((
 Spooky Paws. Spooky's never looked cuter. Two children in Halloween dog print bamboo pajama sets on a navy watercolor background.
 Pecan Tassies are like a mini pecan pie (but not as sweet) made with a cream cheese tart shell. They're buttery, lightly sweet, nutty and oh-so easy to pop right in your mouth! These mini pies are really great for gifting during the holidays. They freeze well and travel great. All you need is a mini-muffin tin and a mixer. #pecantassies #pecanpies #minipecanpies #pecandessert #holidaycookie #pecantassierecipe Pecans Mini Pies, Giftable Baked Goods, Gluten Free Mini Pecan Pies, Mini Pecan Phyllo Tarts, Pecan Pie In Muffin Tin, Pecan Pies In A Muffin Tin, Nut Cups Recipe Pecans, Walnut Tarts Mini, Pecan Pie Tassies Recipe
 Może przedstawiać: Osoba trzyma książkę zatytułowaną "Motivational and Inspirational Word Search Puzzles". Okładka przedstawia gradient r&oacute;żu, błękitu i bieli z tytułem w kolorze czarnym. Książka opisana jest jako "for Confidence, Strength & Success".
))
((
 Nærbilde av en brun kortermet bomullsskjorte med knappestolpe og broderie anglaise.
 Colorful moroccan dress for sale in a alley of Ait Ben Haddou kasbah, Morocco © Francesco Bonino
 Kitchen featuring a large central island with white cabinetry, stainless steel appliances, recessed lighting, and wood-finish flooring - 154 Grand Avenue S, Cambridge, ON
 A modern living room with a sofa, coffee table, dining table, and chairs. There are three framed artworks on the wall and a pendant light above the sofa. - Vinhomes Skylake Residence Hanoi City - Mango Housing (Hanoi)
))
Report all lines of the material that contain the word "with".

## WORKED SOLUTION
 Pecan Tassies are like a mini pecan pie (but not as sweet) made with a cream cheese tart shell. They're buttery, lightly sweet, nutty and oh-so easy to pop right in your mouth! These mini pies are really great for gifting during the holidays. They freeze well and travel great. All you need is a mini-muffin tin and a mixer. #pecantassies #pecanpies #minipecanpies #pecandessert #holidaycookie #pecantassierecipe Pecans Mini Pies, Giftable Baked Goods, Gluten Free Mini Pecan Pies, Mini Pecan Phyllo Tarts, Pecan Pie In Muffin Tin, Pecan Pies In A Muffin Tin, Nut Cups Recipe Pecans, Walnut Tarts Mini, Pecan Pie Tassies Recipe
 Kitchen featuring a large central island with white cabinetry, stainless steel appliances, recessed lighting, and wood-finish flooring - 154 Grand Avenue S, Cambridge, ON
 A modern living room with a sofa, coffee table, dining table, and chairs. There are three framed artworks on the wall and a pendant light above the sofa. - Vinhomes Skylake Residence Hanoi City - Mango Housing (Hanoi)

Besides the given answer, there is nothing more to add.